In Sannerville, Normandy, spectators turned their eyes skyward as some 400 paratroopers from Britain, Belgium, the United States and Canada participated in a multinational parachute drop.
Casts of veterans sat side-by-side in Sainte-Mere-Eglise during an American Airlines veterans parade — some sharing stories or shaking hands with passersby, and some perched quietly behind sunglasses with afternoon sunlight beating down from overhead.
French and U.S. flags lined the blue-and-red walkway the led U.S. President Joe Biden and first lady Jill Biden to the stage for opening ceremonies Thursday alongside France's President Emmanuel Macron and first lady Brigitte Macron.
Meanwhile, Britain’s King Charles III joined Macron at the British Normandy Memorial in Ver-sur-Mer, Normandy, while Queen Camilla and Brigitte Macron laid flowers near the memorial wall.
Reenactors in period clothing gathered in Utah Beach ahead of commemorative ceremonies while soldiers, veterans and others laid wreaths or threw flowers into the water at the shore.
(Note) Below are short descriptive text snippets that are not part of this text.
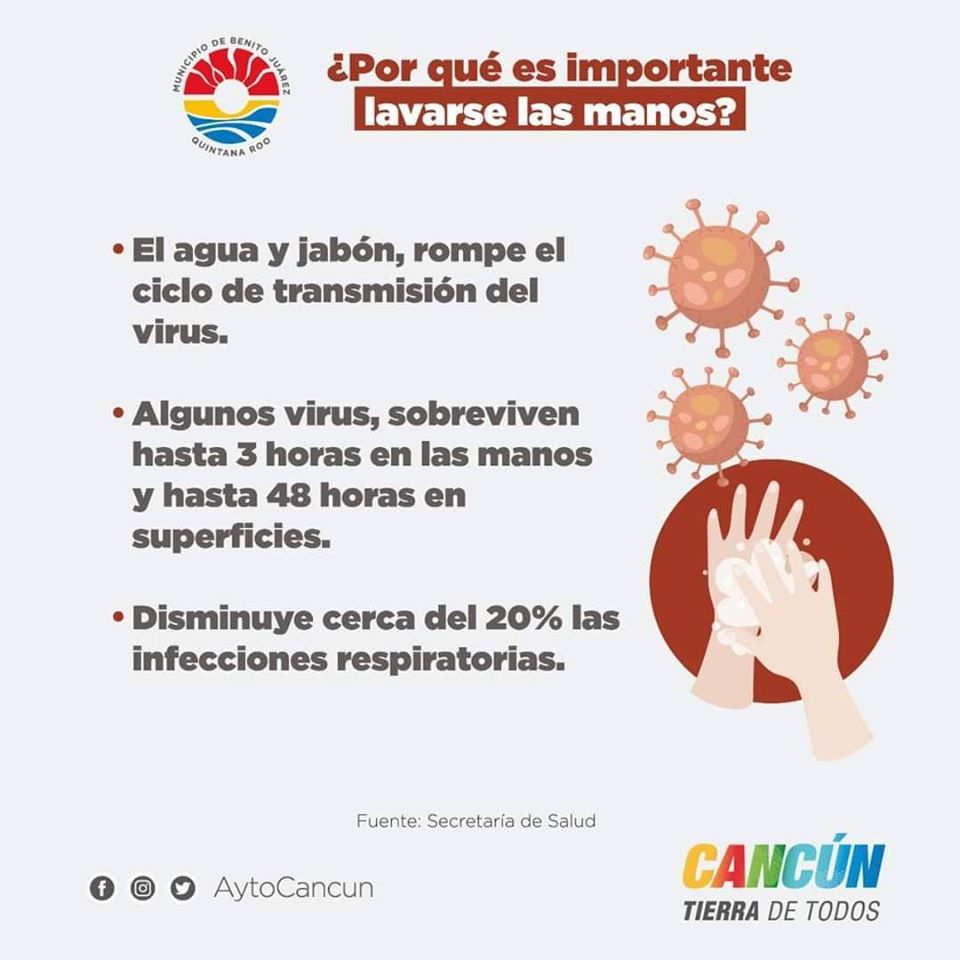 Ayto Benito Juárez tweet media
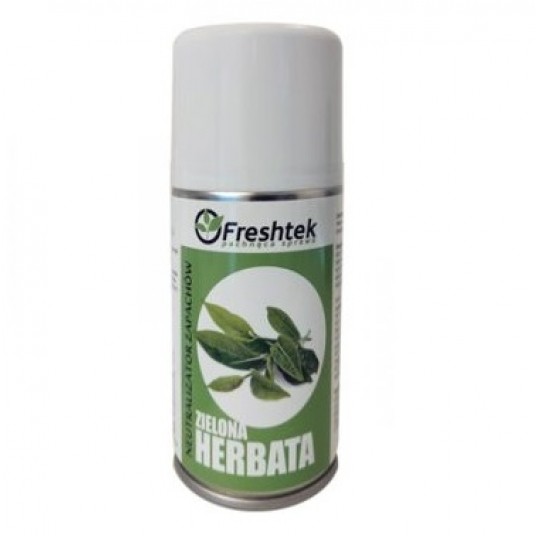 Neutralizator zapachów One Shot Zielona herbata 250ml 1szt. -zdjęcie numer 1
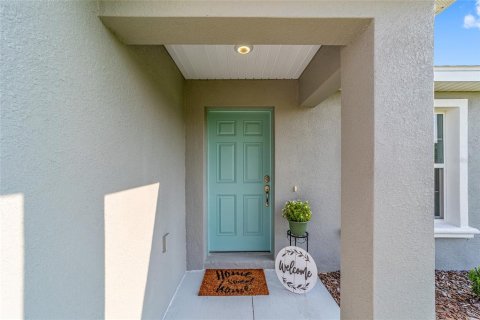 Casa en venta en Ocala, Florida, 3 dormitorios, 122.17 m2 № 1909622 - foto 2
Nearby, U.S. joint military service academy choir members clutched horns as they took part in their own ceremony.
International pipers dressed in green and yellow marched their way from Bayeux Cathedral to the Great Vigil at the Commonwealth War Grave Commission’s Bayeux War Cemetery.
And France’s Prime Minister Gabriel Attal joined Britain’s Prince William and Canadian Prime Minister Justin Trudeau in laying flowers at the Juno Beach Centre near Courseulles-sur-Mer, Normandy.
Everywhere, flags waved in the breeze and crowds rested in momentary silence.